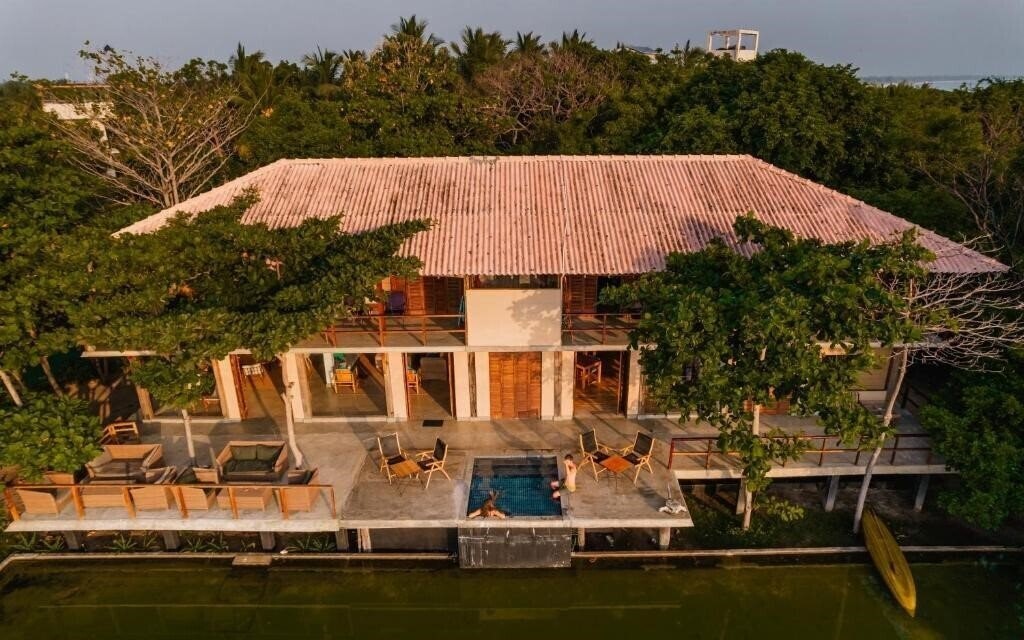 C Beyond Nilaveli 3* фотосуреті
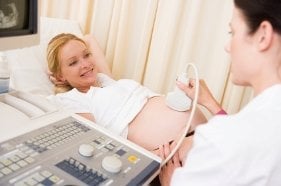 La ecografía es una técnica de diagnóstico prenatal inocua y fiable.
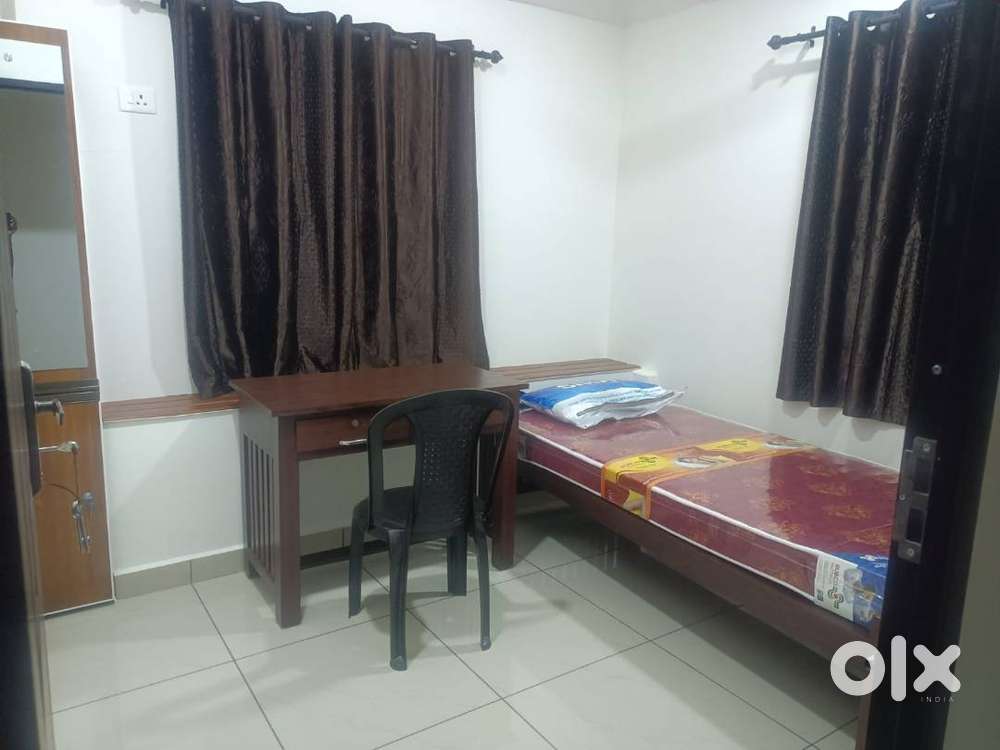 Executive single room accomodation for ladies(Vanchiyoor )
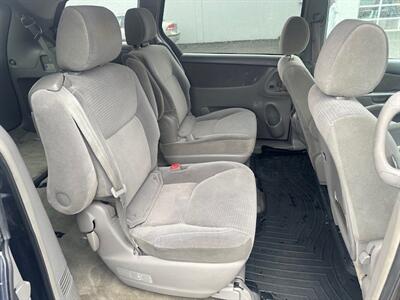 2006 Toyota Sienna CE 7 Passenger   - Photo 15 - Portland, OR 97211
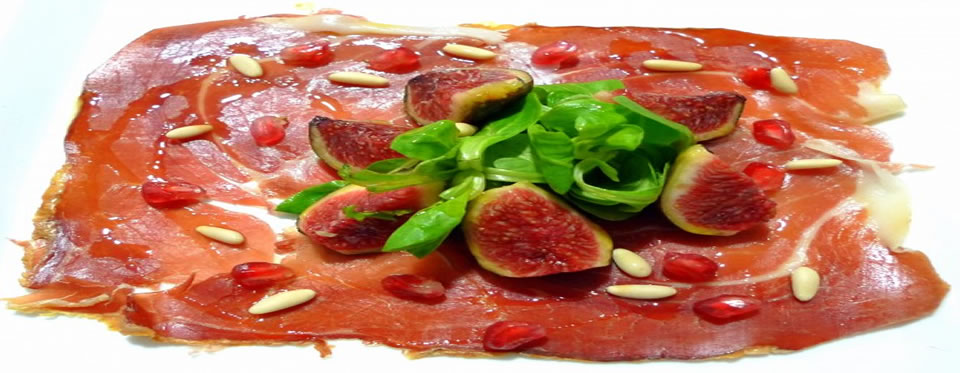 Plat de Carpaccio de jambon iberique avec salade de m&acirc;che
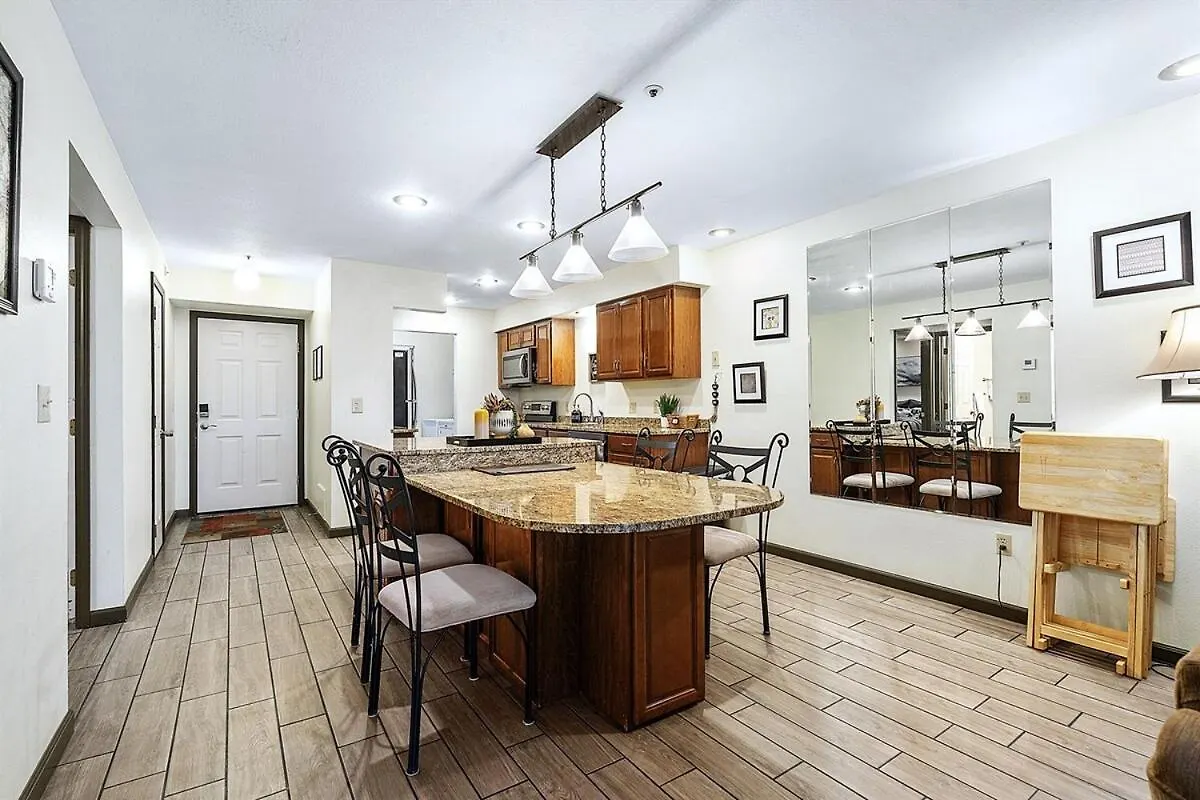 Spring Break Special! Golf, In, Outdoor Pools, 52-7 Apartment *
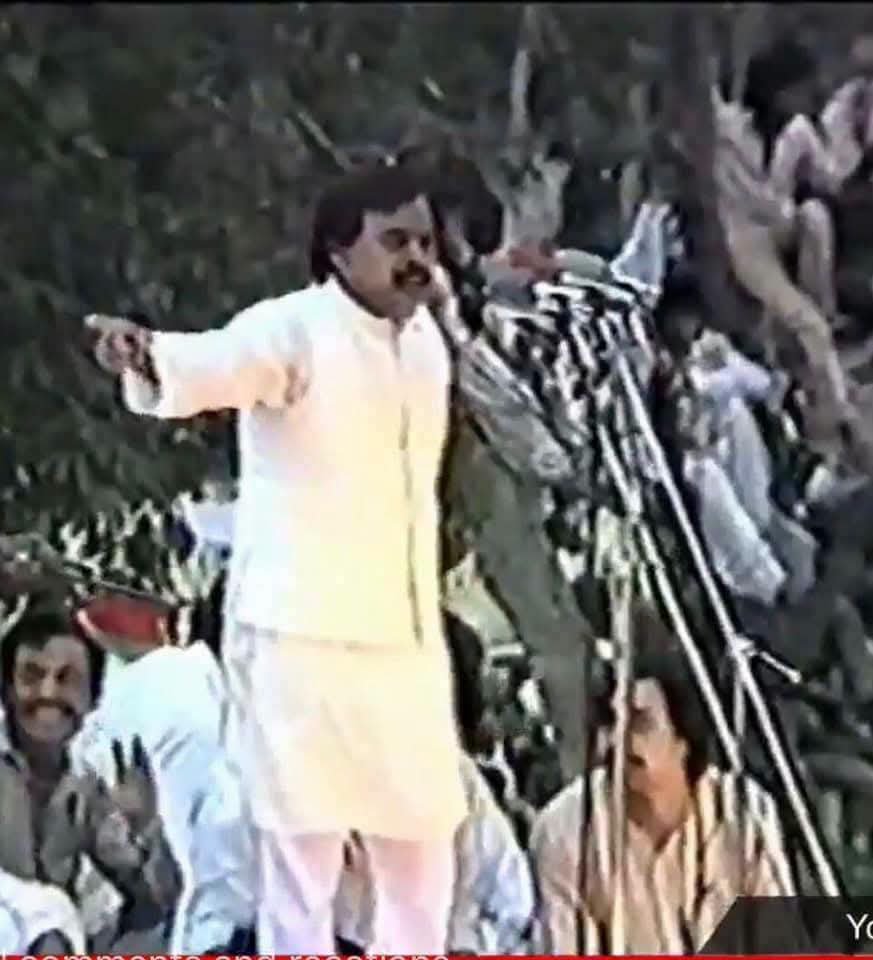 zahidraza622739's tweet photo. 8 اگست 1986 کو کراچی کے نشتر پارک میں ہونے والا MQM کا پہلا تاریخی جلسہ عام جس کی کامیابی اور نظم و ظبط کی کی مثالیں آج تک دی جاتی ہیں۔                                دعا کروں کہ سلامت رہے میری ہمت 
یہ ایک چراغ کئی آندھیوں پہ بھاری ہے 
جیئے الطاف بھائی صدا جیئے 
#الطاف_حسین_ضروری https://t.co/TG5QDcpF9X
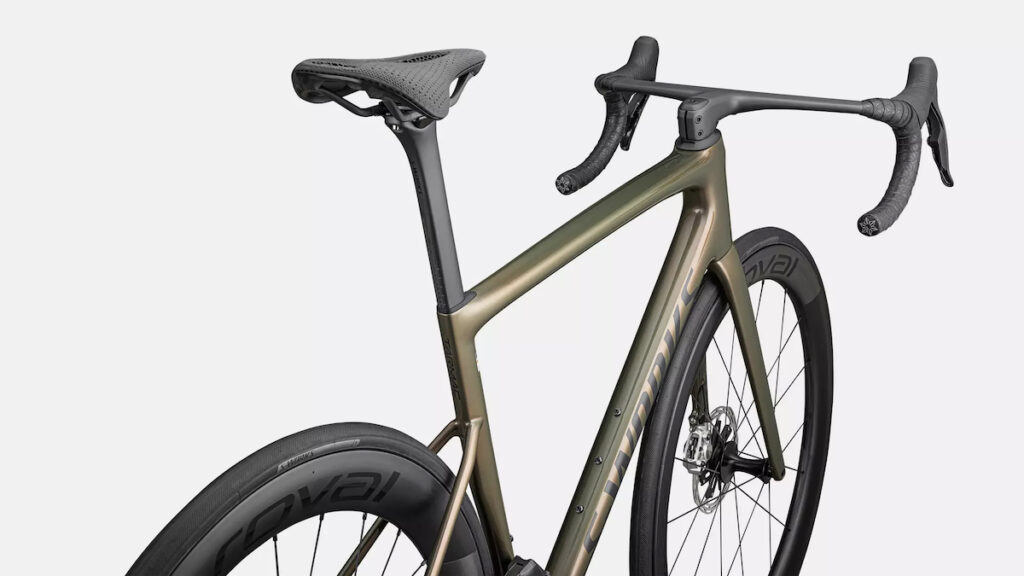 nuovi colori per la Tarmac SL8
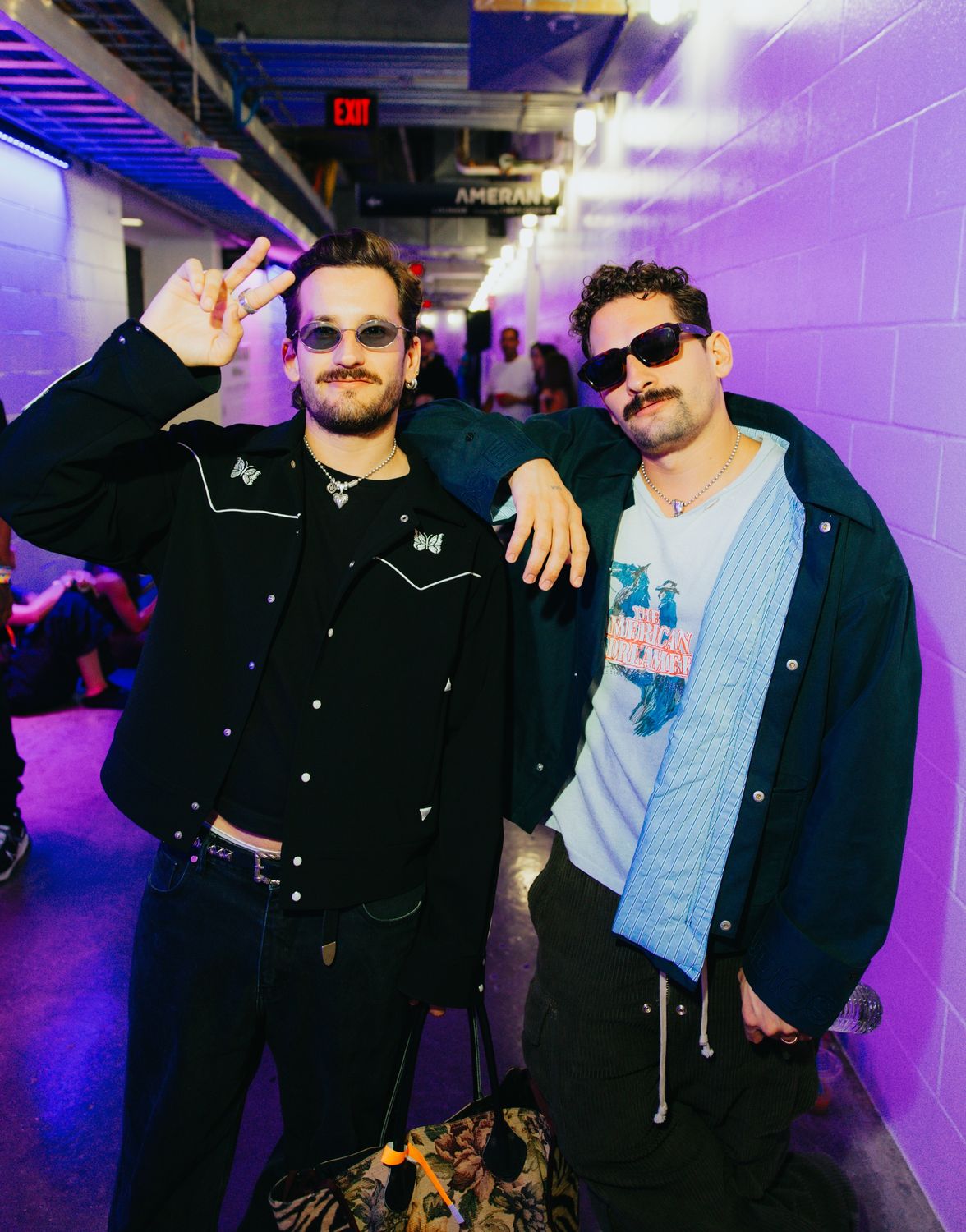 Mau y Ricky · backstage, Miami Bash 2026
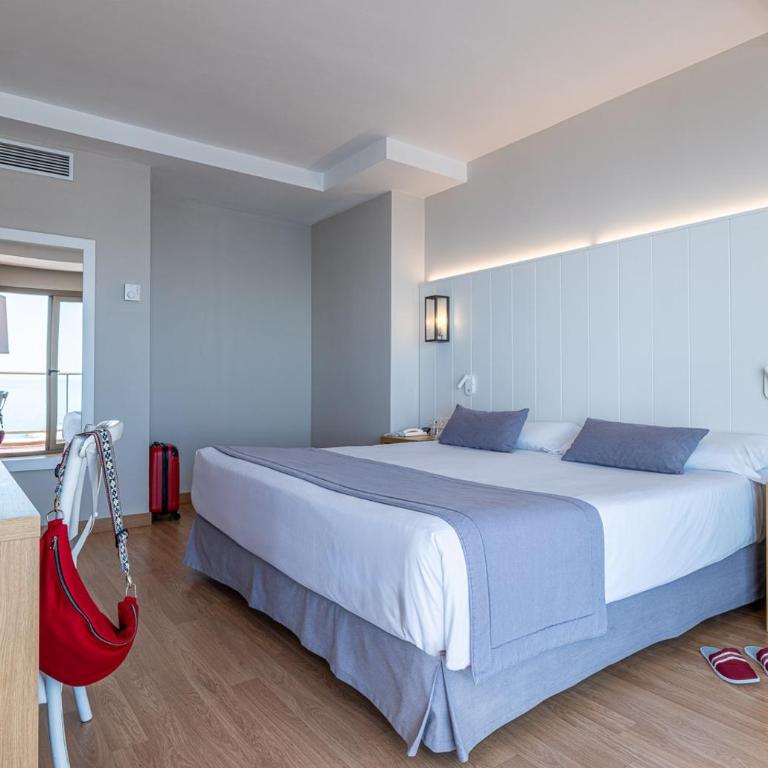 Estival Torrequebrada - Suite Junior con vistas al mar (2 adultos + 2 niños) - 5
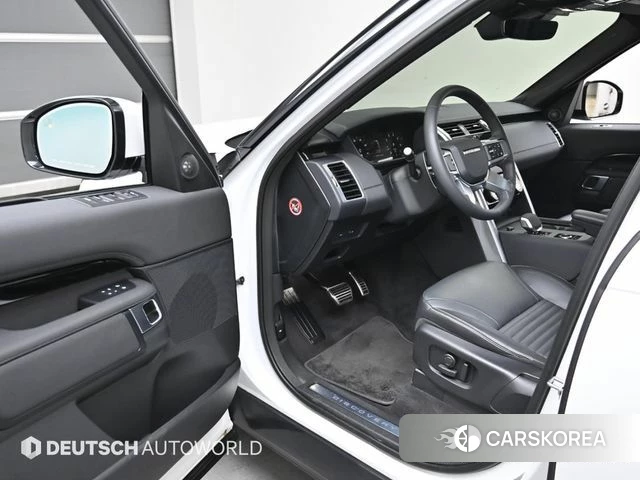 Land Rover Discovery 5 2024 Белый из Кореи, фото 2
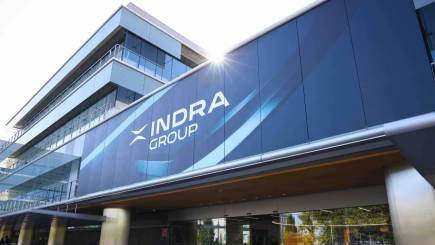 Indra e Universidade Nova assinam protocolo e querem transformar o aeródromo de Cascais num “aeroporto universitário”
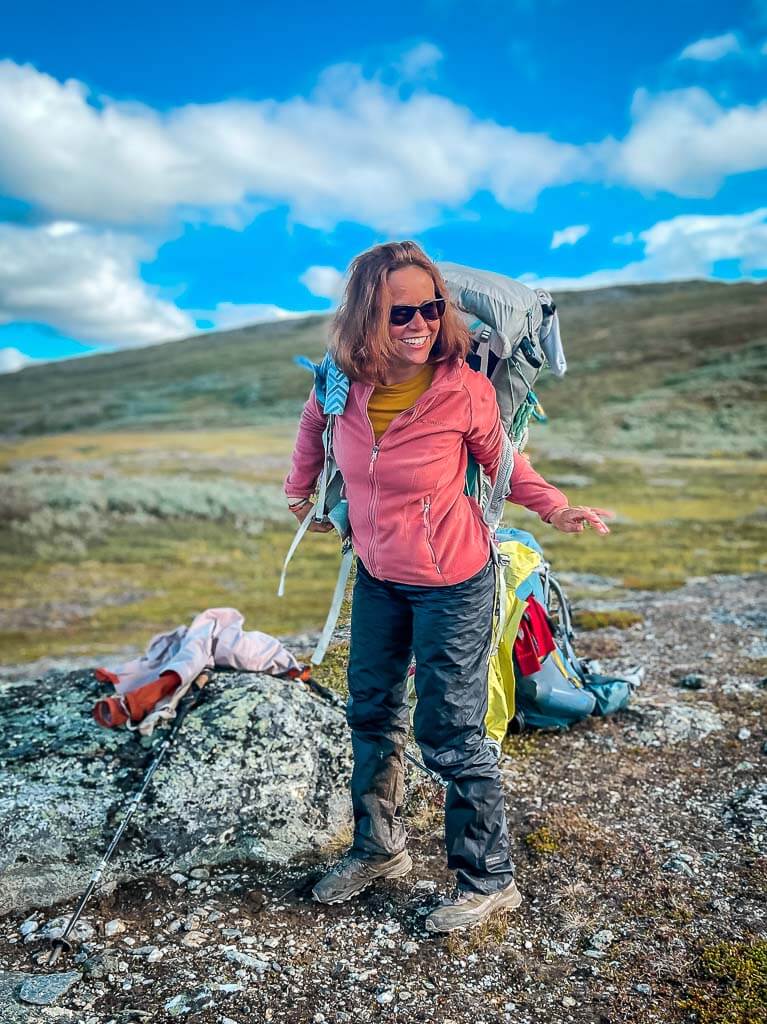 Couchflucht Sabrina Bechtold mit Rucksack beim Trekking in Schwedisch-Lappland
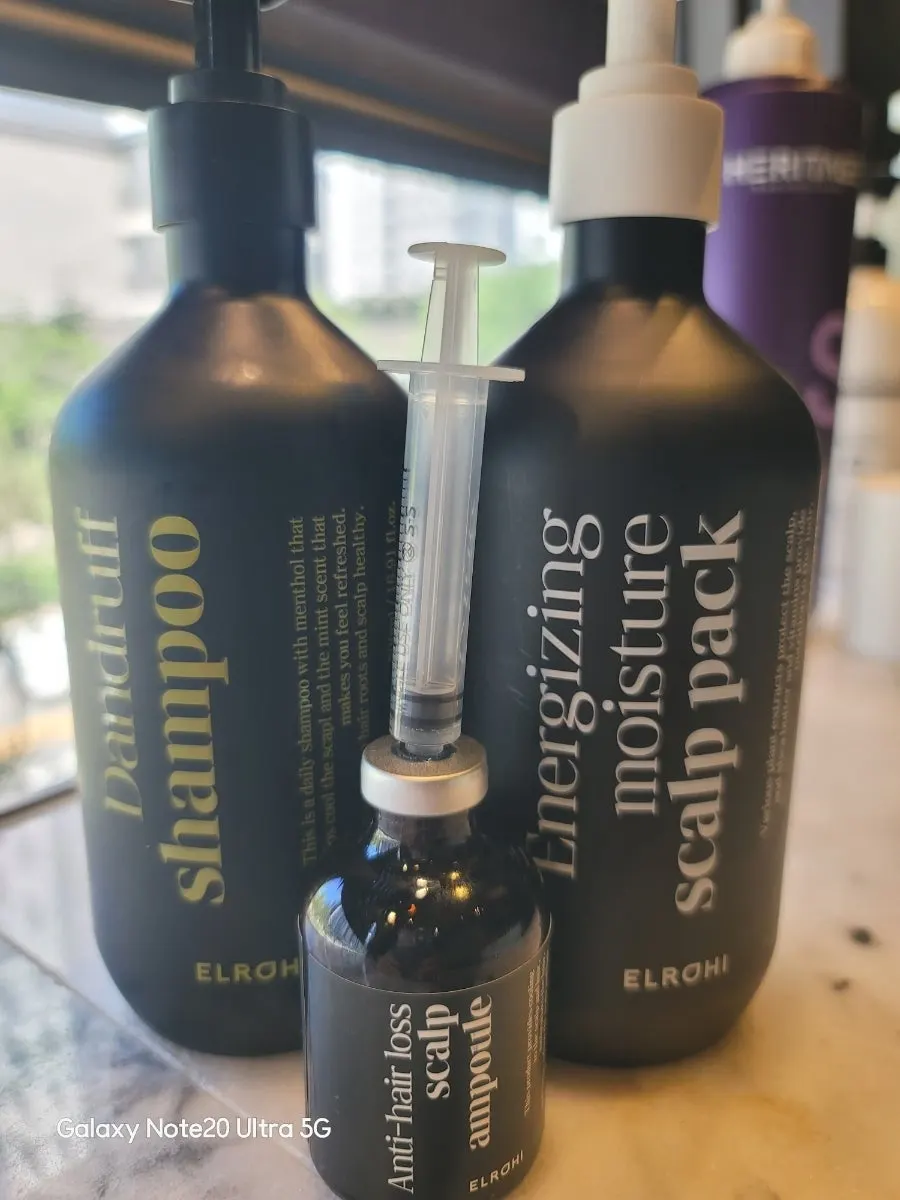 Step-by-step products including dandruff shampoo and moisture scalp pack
::::::
### Work item
Without any picture, return exactly the lines of the records above from the first through the line that contains "Couchflucht Sabrina Bechtold".

### Reply
 C Beyond Nilaveli 3* фотосуреті
 La ecografía es una técnica de diagnóstico prenatal inocua y fiable.
 Executive single room accomodation for ladies(Vanchiyoor )
 2006 Toyota Sienna CE 7 Passenger   - Photo 15 - Portland, OR 97211
 Plat de Carpaccio de jambon iberique avec salade de m&acirc;che
 Spring Break Special! Golf, In, Outdoor Pools, 52-7 Apartment *
 zahidraza622739's tweet photo. 8 اگست 1986 کو کراچی کے نشتر پارک میں ہونے والا MQM کا پہلا تاریخی جلسہ عام جس کی کامیابی اور نظم و ظبط کی کی مثالیں آج تک دی جاتی ہیں۔                                دعا کروں کہ سلامت رہے میری ہمت 
یہ ایک چراغ کئی آندھیوں پہ بھاری ہے 
جیئے الطاف بھائی صدا جیئے 
#الطاف_حسین_ضروری https://t.co/TG5QDcpF9X
 nuovi colori per la Tarmac SL8
 Mau y Ricky · backstage, Miami Bash 2026
 Estival Torrequebrada - Suite Junior con vistas al mar (2 adultos + 2 niños) - 5
 Land Rover Discovery 5 2024 Белый из Кореи, фото 2
 Indra e Universidade Nova assinam protocolo e querem transformar o aeródromo de Cascais num “aeroporto universitário”
 Couchflucht Sabrina Bechtold mit Rucksack beim Trekking in Schwedisch-Lappland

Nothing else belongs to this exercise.